Una stazione termale ottocentesca riaffiora nel mezzo di un bosco


A Montecorvino Pugliano resistono caparbi alcuni relitti di un passato che il trascorrere del tempo tende a corrodere. Sulla Provinciale verso Faiano, nel perimetro di un bosco esso stesso carico di storia, tra alberi e vegetazione si nascondono rovine che potrebbero evocare all’apparenza l’antichità classica, e invece sono i ruderi di una stazione termale che risale a due o tre secoli fa: si tratta delle terme borboniche di Santa Tecla.

Ph. © Luca Maresca

IL TERRITORIO – Proprio in epoca borbonica, l’intero comune di Pugliano visse una fase di prosperità per la crescita demografica e la bonifica dei terreni. Santa Tecla è la più recondita delle nove frazioni di Pugliano: qui i primi nuclei abitativi risalgono addirittura alle soglie del III secolo prima di Cristo. Il nome della frazione deriva dalla sua chiesa madre ma è legato alla leggenda di Santa Tecla, salvata da un miracolo quando il padre, per il rifiuto della fanciulla ad un matrimonio combinato, la gettò nella fossa dei leoni, che si inginocchiarono davanti a lei.

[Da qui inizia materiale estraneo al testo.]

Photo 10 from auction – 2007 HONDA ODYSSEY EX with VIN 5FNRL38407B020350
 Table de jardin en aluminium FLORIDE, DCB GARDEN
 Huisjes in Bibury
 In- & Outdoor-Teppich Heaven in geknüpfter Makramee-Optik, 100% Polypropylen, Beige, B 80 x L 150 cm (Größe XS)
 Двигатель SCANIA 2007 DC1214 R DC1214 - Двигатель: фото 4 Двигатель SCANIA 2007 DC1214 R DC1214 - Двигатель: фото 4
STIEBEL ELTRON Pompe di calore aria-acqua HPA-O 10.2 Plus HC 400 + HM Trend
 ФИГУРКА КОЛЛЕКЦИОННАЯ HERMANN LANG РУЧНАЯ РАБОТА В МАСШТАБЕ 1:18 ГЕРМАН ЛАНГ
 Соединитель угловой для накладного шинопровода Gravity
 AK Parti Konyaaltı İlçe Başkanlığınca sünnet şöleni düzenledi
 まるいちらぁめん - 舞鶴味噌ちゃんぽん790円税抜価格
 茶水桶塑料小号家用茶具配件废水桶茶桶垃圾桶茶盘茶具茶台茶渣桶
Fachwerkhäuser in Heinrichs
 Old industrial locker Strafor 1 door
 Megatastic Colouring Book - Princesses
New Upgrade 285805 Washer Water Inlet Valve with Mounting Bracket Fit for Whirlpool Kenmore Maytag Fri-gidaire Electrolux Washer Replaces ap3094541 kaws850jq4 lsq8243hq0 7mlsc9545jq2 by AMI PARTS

IL BOSCO – La vasta superficie alberata compresa tra Santa Tecla e Faiano è detta Bosco di San Benedetto, in onore di un antica abbadia di Faiano dedicata al Santo: è un’area verde secolare in cui dominano fresco e quiete, estesa lungo 115 ettari, abitata da diverse specie vegetali, in particolare cerri e querce rosse. Oggi è un’area demaniale indipendente dall’amministrazione locale, e la sua lunga storia quasi millenaria, tra accadimenti reali e narrazioni orali, rimanda fino al medioevo feudale. La transizione ottocentesca in era borbonica è testimoniata da “un raro documento datato 1810, ritrovato dagli studiosi Nunzio di Rienzo e Lazzaro Scarpiello”, in cui è riportata una “stima” del Bosco eseguita dai periti del Borbone (così riferisce Walter Brancaccio; fonte: promemorianews).

LE TERME – Ora, è esattamente in quest’area boschiva che ha origine la sorgente dalle spiccate proprietà benefiche e terapeutiche alla quale è legata la presenza delle terme borboniche di Santa Tecla. Sulle terme vere e proprie la documentazione in rete scarseggia e i riferimenti sono sempre brevi e vaghi. Anzi, un quotidiano locale di fine Ottocento (dunque in epoca post-unitaria e non più borbonica) rimanderebbe ad altra data e a un nome specifico: quello del giovane imprenditore Alberto Morese, che il 16 giugno 1894 avrebbe inaugurato lo stabilimento termale recante il suo nome, dopo aver avviato tre anni prima la produzione di bottiglie di “Acqua minerale Morese” (fonte: La Città). Quel che è certo è che la sorgente è passata alla tradizione orale con il nome bizzarro ed eloquente di  acque fetenti, a causa dell’intenso odore sulfureo dovuto alla composizione chimica: l’acqua sorgiva è infatti ricca di ferro, zolfo e litio.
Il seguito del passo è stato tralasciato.